What to produce: Each line in the material below, starting at the one with "10 Deerfield Ct, Bloomington, IL" and ending at the one with "Flores Guatemala December", is to be reproduced exactly; no picture is to be copied.

Study material:

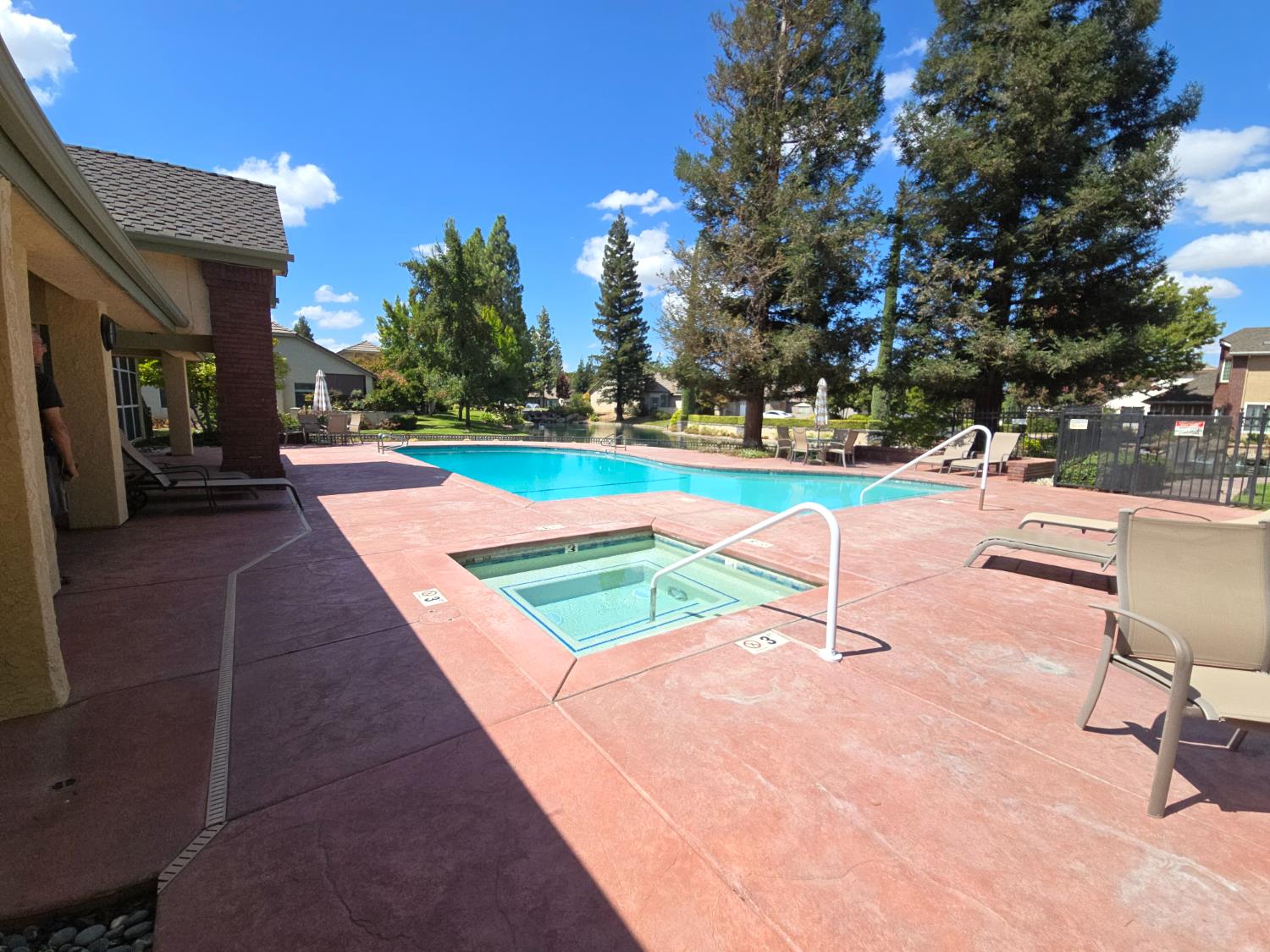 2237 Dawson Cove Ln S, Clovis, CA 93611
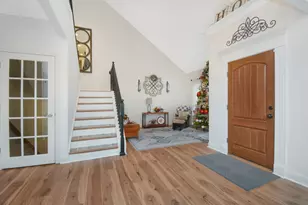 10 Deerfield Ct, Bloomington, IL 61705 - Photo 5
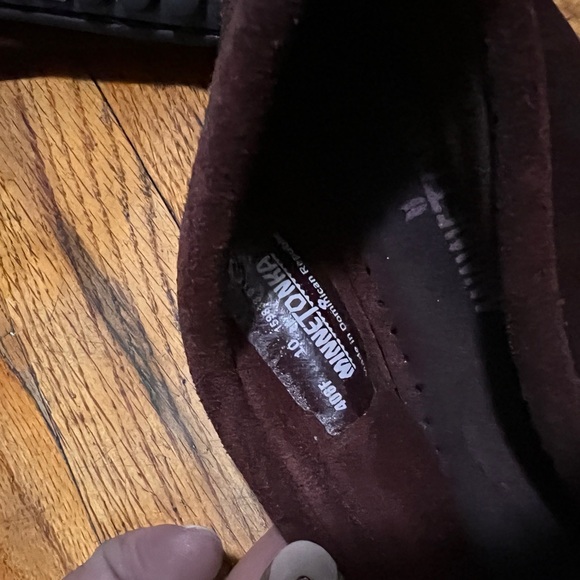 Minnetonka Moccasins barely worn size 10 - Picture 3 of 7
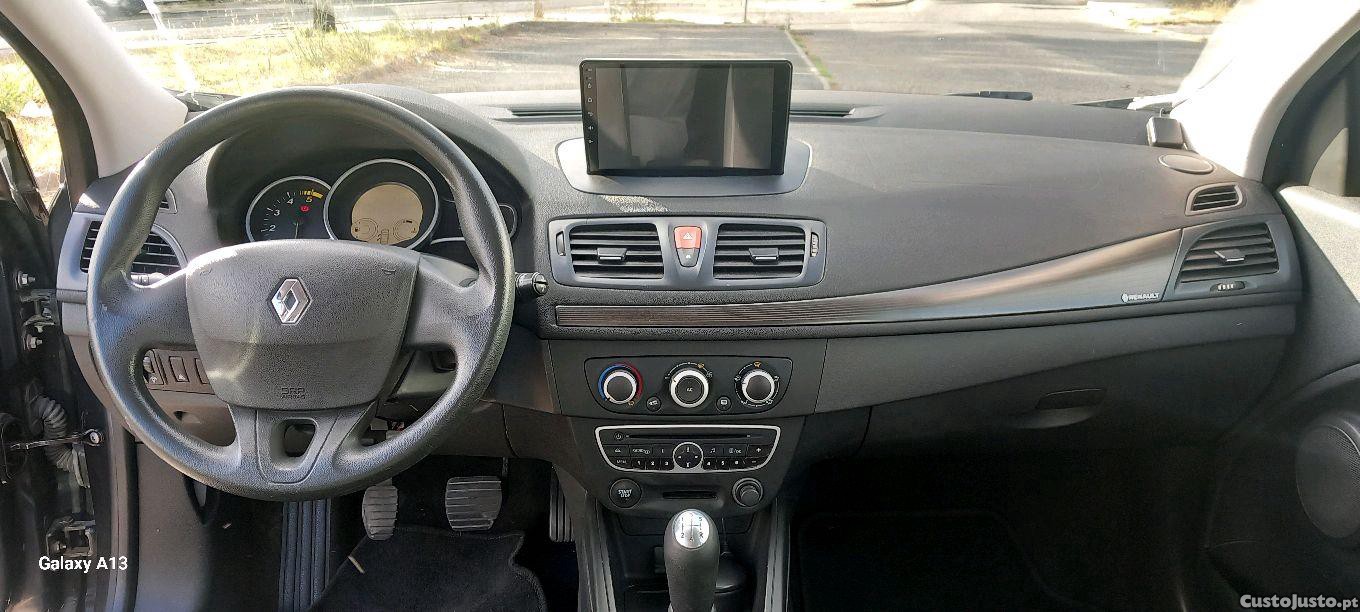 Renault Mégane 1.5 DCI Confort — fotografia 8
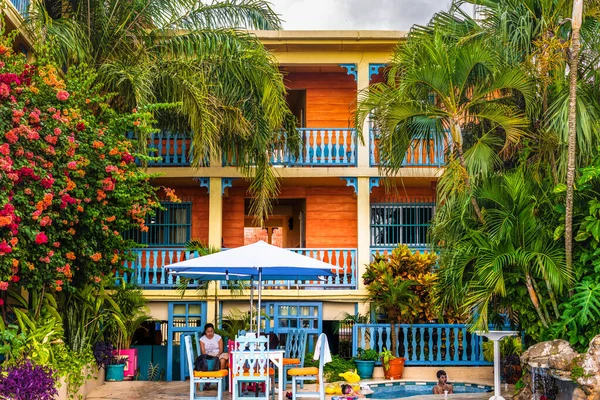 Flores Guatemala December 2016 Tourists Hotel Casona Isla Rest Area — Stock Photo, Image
* * *
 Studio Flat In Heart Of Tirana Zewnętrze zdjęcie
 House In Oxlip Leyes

Your solution:
 10 Deerfield Ct, Bloomington, IL 61705 - Photo 5
 Minnetonka Moccasins barely worn size 10 - Picture 3 of 7
 Renault Mégane 1.5 DCI Confort — fotografia 8
 Flores Guatemala December 2016 Tourists Hotel Casona Isla Rest Area — Stock Photo, Image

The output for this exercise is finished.